Could this be about Pinellas County as well?

Feb 17, 2008

Urbanist: County is too car-friendly


PETER GUINTA
peter.guinta@staugustine.com
Publication Date: 12/07/07

MARINELAND -- Widening roads and developing more parking spaces are not solutions to traffic congestion they're the problem.
Urban designer Dom Nozzi of Richmond, Va., said this week that when conditions become more favorable to cars, they become less favorable to people, wildlife, bicycles, rapid transit, pedestrians and the environment.
"Cars come before the environment in a car-based society," he said. "I want to see cars behave themselves and not dominate our world."
In a talk Wednesday to about 100 people at the South Anastasia Community Association meeting at Whitney Lab, Nozzi said that between the years 1980 and 2000, the population of St. Johns County increased by 140 percent to 123,135. However, during that same period, the number of vehicles jumped by 323 percent, numbering 161,550 at present.
"Cars now outnumber people in St.
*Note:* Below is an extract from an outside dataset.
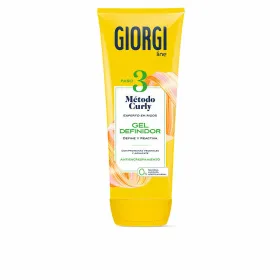 Фиксирующий гель Giorgi Curly 250 ml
Johns County," he said.
Nozzi displayed photographs of European cities that feature walkable streets, architecturally beautiful buildings close to the road, apartments over stores, trees along sidewalks, people shopping and families walking,
In contrast, photographs of a few American cities showed giant parking lots downtown, boxy buildings set far back from the road, zero trees, no one outside and streets that would be uncrossable by pedestrians.
"The public realm in America is probably the worst in the developed world," Nozzi said. "Americans are leaving the public realm to watch television and lead vicarious lives."
District 2 County Commissioner Ron Sanchez, one of the attendees, said he enjoyed Nozzi's presentation but doubted that it applied to the reality of St. Johns County.
"You've got to make roads," Sanchez said. "Do we want development to come in and then try to build the infrastructure? Or do we want to build the infrastructure first?"
Nozzi earned a degree in environmental science from State University of New York at Plattsburg and a master's in planning from Florida State University. He was senior planner for Gainesville since 1986 and has written two books, "The Road to Ruin: An Introduction to Sprawl and How to Cure It," and "The Car is the Enemy of the City," which will be released next year.
He believes cities should be "festive, vibrant, sociable places" and claims that widening roads actually increases traffic, not decreases it. That's because the wider road attracts motorists already using alternative routes to avoid congestion, and because people using buses or bicycles would switch back to driving a car to work if they thought the road is less congested. Narrower roads slows them down.
"You cannot build your way out of congestion," he said. "A lot of cities are saying, 'Let's move away from a car-happy imperative.' Atlanta is talking about building 23 lanes (on Interstate 75). That kind of thinking just creates a larger residential market and more sprawl."
Nozzi advises county residents to elect people with courage and vision.
"We have a lot to correct. Congestion is our friend. Transportation is destiny," he said.